BEGIN

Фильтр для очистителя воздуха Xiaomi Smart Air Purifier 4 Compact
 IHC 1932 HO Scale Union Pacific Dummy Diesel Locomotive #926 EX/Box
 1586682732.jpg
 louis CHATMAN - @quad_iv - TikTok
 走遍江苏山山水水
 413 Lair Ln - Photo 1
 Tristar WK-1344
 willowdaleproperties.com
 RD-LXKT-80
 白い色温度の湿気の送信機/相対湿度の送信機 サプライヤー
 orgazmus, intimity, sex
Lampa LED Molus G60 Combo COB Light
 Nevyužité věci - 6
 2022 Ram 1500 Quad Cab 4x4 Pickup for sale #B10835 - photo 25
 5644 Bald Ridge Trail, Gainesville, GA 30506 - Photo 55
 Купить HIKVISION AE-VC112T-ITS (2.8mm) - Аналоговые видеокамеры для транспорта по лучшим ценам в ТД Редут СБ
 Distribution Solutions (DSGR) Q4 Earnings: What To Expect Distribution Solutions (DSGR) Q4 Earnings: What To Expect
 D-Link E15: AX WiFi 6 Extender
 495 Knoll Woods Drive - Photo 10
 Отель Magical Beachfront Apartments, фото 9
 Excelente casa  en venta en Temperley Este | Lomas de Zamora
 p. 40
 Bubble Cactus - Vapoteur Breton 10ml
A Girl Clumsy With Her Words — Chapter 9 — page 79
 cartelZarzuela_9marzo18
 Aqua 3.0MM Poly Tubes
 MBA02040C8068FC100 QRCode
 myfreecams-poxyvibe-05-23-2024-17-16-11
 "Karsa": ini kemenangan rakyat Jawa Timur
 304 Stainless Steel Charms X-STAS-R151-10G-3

END

§ **Assigned task**:
Everything from the line that contains "Отель Magical Beachfront Apartments, фото 9" through the final line of the listing is to be restated word for word, and nothing more.

§ **Reply to the task**:
 Отель Magical Beachfront Apartments, фото 9
 Excelente casa  en venta en Temperley Este | Lomas de Zamora
 p. 40
 Bubble Cactus - Vapoteur Breton 10ml
A Girl Clumsy With Her Words — Chapter 9 — page 79
 cartelZarzuela_9marzo18
 Aqua 3.0MM Poly Tubes
 MBA02040C8068FC100 QRCode
 myfreecams-poxyvibe-05-23-2024-17-16-11
 "Karsa": ini kemenangan rakyat Jawa Timur
 304 Stainless Steel Charms X-STAS-R151-10G-3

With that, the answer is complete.